In the context of my homework task I need to smart brute-force a set of passwords. Every password in the set has either of three possible masks:
%%##
##%%
#%%#
%##%
( # - a numeric character, % - a lowercase alpha character ).
At this point I am doing something like this to run over only one pattern ( the 1st one ) in multithreading:
// Compile: $ gcc test.c -o test -fopenmp -O3 -std=c99
#include <stdio.h>
#include <stdlib.h>
#include <unistd.h>
#include <omp.h>
int main() {
const char alp[26] = "abcdefghijklmnopqrstuvwxyz";
const char num[10] = "0123456789";
register int i;
char pass[4];
#pragma omp parallel for private(pass)
for (i = 0; i < 67600; i++) {
pass[3] = num[i % 10];
pass[2] = num[i / 10 % 10];
pass[1] = alp[i / 100 % 26];
pass[0] = alp[i / 2600 % 26];
/* Slow password processing here */
}
return 0;
}
But, unfortunately, that technique has nothing to do with searching passwords with different patterns.
So my question is:
Is there a way to construct an effective set of parallel for instructions in order to run the attack simultaneously on each password pattern?
Help is much appreciated.
The trick here is to note that all four password options are simply rotations/shifts of each other.
That is, for the example password qr34 and the patterns you mention, you are looking at:
qr34 %%## #Original potential password
4qr3 #%%# #Rotate 1 place right
34qr ##%% #Rotate 2 places right
r34q %##% #Rotate 3 places right
Given this, you can use the same generation technique as in your first question.
For each potential password generated, check the potential password as well as the next three shifts of that password.
Note that the following code relies on an interesting property of C/C++: if the truth value of a statement can be deduced early, no further execution takes place.
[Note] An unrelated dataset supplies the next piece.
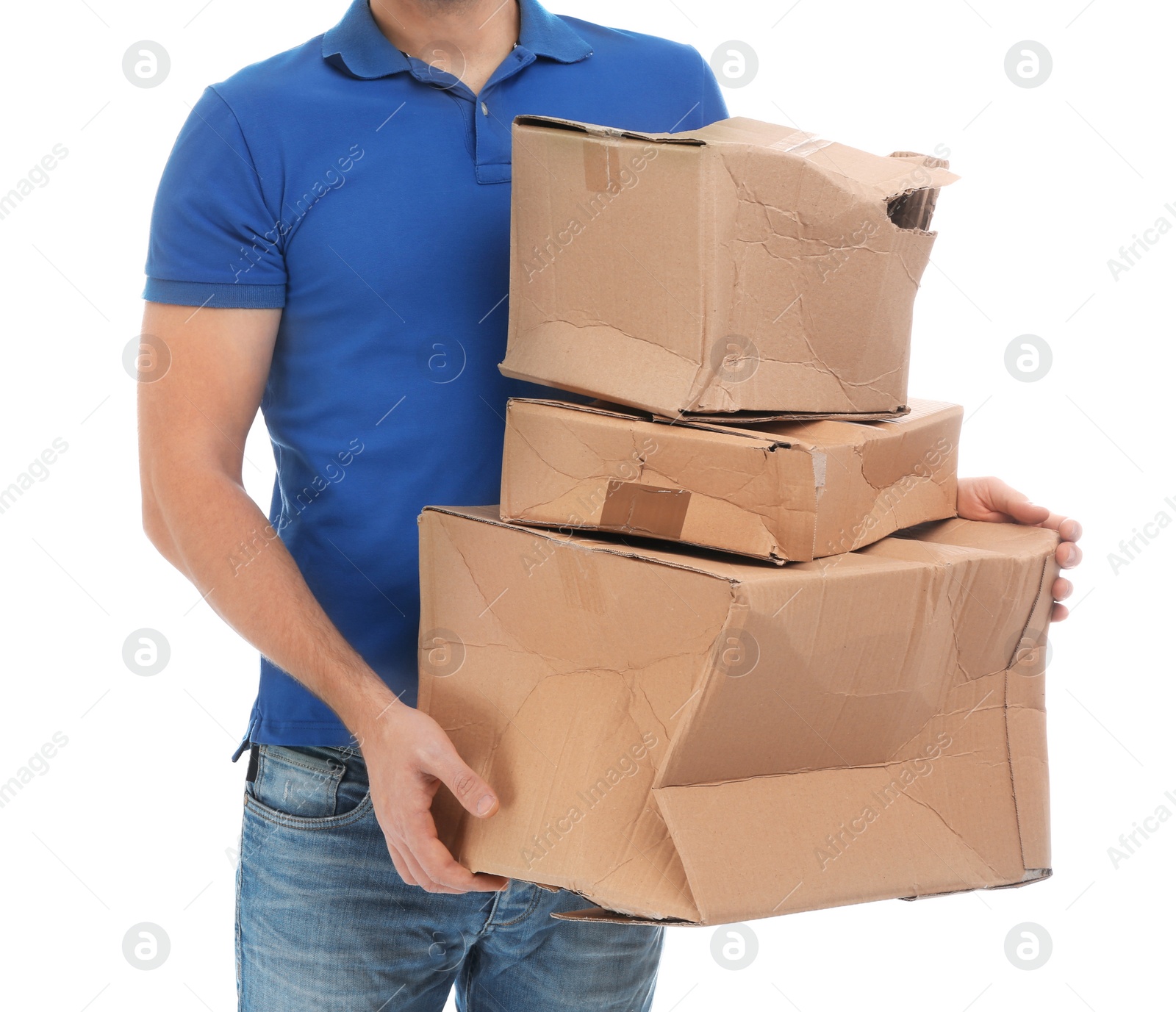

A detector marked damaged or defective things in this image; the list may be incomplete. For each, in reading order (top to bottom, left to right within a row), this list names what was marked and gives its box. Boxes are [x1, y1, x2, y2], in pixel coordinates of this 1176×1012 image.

That is, given the statement if(A || B || C), if A is false, then B must be evaluated; however, if B is true, then C is never evaluated.
This means that we can have A=CheckPass(pass) and B=CheckPass(RotatePass(pass)) and C=CheckPass(RotatePass(pass)) with the guarantee that the password will only be rotated as many times as necessary.
Note that this scheme requires that each thread have its own, private copy of the potential password.
//Compile with, e.g.: gcc -O3 temp.c -std=c99 -fopenmp
#include <stdio.h>
#include <unistd.h>
#include <string.h>
int PassCheck(char *pass){
return strncmp(pass, "4qr3", 4)==0;
}
//Rotate string one character to the right
char* RotateString(char *str, int len){
char lastchr = str[len-1];
for(int i=len-1;i>0;i--)
str[i]=str[i-1];
str[0] = lastchr;
return str;
}
int main(){
const char alph[27] = "abcdefghijklmnopqrstuvwxyz";
const char num[11] = "0123456789";
char goodpass[4] = "----"; //Provide a default password to indicate an error state
#pragma omp parallel for collapse(4)
for(int i = 0; i < 26; i++)
for(int j = 0; j < 26; j++)
for(int m = 0; m < 10; m++)
for(int n = 0; n < 10; n++){
char pass[4] = {alph[i],alph[j],num[m],num[n]};
if(
PassCheck(pass) ||
PassCheck(RotateString(pass,4)) ||
PassCheck(RotateString(pass,4)) ||
PassCheck(RotateString(pass,4))
){
//It is good practice to use `critical` here in case two
//passwords are somehow both valid. This won't arise in
//your code, but is worth thinking about.
#pragma omp critical
{
memcpy(goodpass, pass, 4);
//#pragma omp cancel for //Escape for loops!
}
}
}
printf("Password was '%.4s'.\n",goodpass);
return 0;
}
I notice that you are generating your password using
pass[3] = num[i % 10];
pass[2] = num[i / 10 % 10];
pass[1] = alp[i / 100 % 26];
pass[0] = alp[i / 2600 % 26];
This sort of technique is occasionally useful, especially in scientific programming, but usually only for addressing convenience and memory locality.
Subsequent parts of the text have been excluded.